Horovitz’s criticism of 2004’s To The Five Boroughs as somewhat mediocre is harsh but probably fair in the long-term considering their catalogue, as the band struggled to be both serious and remain their humorous selves in the wake of living in New York in the aftermath of 9/11 and a surprising detail about the making ofHot Sauce Committee Part 2 is shared ( Hot Sauce Committee Part 1 was apparently lost in Montana) and there’s not nearly enough about Hello Nasty, my personal favourite album (though Adrock says it’s his favourite) though we do finally hear the inspiration for their career-renaissance track ‘Sabotage’.
The audiobook version of the book is also very much worth owning and cherishing. A huge cast of people read Diamond and Horovitz’s words: Kim Gordon, Jon Stewart, Elvis Costello, Bette Midler, John C. Reilly, Steve Buscemi, Snoop Dogg, Chuck D, Mixmaster Mike, Tim Meadows and Maya Rudolph contribute to the recording, and it’s really worth your time, complete with Adam and Mike dropping in on each other in the narration to clarify or rib their friend buoyantly.

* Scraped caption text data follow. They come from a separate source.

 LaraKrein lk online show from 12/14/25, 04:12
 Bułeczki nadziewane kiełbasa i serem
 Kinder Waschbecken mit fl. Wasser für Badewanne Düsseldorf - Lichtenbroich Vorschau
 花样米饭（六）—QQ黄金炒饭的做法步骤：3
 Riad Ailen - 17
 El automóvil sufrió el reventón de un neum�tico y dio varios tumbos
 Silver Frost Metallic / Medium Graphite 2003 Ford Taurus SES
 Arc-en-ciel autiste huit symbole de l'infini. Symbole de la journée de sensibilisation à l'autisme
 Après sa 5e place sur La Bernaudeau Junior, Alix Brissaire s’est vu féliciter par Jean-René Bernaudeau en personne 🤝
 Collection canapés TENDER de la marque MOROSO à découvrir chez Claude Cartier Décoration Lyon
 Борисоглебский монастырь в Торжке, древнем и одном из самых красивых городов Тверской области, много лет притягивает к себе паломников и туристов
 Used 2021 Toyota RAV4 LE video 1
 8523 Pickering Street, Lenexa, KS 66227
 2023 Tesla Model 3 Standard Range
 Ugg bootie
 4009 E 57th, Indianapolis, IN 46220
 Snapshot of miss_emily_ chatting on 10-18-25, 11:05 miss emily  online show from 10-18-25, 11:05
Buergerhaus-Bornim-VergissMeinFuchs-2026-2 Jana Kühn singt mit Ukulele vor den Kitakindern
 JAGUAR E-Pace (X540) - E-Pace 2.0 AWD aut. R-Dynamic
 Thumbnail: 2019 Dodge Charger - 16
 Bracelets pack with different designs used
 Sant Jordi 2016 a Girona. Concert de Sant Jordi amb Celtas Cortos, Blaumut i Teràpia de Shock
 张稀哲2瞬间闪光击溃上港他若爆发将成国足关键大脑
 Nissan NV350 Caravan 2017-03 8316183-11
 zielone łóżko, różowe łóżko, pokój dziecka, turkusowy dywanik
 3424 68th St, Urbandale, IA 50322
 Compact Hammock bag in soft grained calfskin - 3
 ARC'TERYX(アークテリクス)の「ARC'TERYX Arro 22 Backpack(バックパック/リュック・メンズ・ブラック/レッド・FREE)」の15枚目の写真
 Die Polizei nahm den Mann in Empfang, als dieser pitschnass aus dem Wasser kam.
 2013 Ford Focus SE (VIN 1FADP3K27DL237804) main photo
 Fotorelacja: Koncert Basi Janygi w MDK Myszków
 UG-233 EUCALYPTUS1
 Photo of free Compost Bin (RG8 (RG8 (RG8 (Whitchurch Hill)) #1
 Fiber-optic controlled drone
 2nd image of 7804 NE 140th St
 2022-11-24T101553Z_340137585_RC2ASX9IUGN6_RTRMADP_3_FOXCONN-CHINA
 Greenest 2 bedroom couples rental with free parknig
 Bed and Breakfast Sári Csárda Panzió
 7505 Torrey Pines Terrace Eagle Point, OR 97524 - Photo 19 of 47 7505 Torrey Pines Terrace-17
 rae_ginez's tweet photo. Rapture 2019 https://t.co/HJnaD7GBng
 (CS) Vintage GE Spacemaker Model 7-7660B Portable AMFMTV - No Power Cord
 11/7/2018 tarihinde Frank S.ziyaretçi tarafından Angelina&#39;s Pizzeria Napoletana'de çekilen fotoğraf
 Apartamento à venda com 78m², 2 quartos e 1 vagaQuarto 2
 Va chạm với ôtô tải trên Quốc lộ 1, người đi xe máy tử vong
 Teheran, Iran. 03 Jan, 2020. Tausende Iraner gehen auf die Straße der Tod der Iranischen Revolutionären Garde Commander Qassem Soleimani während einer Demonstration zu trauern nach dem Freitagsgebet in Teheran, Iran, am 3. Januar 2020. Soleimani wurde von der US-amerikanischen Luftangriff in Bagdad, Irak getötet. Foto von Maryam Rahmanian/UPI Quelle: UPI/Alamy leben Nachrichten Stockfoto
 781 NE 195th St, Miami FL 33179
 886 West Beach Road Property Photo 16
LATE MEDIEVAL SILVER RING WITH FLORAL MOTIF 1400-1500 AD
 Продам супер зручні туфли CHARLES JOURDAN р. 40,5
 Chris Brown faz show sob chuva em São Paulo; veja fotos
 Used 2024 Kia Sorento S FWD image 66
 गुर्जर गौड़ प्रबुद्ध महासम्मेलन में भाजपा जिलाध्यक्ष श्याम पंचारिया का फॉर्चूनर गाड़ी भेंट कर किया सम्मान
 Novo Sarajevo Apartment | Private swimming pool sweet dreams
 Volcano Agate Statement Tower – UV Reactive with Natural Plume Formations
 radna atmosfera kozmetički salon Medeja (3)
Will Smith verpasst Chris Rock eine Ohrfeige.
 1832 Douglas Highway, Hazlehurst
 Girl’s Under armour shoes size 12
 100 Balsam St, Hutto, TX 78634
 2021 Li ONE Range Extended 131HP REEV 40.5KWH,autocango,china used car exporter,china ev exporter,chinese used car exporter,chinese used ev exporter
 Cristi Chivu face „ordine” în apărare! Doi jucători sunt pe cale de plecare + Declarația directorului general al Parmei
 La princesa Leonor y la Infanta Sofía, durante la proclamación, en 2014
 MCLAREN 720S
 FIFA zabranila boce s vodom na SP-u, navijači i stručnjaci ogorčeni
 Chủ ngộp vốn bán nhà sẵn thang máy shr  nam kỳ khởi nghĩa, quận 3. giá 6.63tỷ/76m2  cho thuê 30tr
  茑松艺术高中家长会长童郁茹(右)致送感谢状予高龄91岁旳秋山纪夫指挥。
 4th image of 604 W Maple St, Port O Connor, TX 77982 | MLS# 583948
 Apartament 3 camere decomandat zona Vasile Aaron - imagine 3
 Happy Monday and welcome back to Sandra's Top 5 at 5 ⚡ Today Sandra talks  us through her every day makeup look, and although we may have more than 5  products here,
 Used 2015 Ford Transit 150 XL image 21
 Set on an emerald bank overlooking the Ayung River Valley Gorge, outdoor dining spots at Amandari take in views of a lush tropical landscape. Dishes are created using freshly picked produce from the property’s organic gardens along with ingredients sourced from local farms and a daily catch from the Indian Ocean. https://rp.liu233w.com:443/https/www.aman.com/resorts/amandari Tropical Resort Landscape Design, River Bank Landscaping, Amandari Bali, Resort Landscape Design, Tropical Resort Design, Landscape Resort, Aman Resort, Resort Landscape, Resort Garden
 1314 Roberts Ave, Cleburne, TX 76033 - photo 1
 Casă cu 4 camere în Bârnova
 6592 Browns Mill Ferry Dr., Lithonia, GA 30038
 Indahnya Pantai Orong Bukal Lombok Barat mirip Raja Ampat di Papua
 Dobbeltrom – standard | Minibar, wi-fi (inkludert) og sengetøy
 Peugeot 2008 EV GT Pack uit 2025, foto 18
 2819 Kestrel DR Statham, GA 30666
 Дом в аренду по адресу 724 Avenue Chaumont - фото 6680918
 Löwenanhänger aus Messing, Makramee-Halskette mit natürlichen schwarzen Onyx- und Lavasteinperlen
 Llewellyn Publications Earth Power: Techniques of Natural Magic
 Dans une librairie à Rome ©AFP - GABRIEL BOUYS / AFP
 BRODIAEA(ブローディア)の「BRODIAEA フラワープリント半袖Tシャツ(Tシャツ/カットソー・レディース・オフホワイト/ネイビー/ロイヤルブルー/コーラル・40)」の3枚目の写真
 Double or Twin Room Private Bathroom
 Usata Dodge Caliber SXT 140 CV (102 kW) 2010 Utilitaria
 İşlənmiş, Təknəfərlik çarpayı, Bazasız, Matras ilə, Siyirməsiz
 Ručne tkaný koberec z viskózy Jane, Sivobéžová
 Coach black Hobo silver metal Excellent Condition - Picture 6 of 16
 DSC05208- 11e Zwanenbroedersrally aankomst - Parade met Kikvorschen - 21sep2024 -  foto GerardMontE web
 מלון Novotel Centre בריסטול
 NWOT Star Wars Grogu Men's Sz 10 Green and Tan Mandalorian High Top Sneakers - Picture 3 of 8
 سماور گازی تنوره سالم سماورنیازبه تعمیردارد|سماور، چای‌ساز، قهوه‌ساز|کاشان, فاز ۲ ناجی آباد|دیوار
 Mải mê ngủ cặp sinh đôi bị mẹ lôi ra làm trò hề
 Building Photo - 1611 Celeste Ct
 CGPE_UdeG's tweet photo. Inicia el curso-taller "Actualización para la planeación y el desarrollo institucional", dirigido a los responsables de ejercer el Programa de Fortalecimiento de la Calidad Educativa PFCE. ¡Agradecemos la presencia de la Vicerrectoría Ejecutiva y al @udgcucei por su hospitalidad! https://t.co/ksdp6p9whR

This surplus cast of voices is indicative of the Beastie’s impact.
Because that’s the Beastie Boys, three brothers, you know so well that, out of conflicted beginnings, through camaraderie, motivation, gratitude, and a love of music grew themselves into inspiring music careers informed by their own predilections and vernacular. They remained funny dudes. The Beastie Boys’ club is still one you’d want to be a part of and the book is moving, nerdy, vivid, funny dude proof.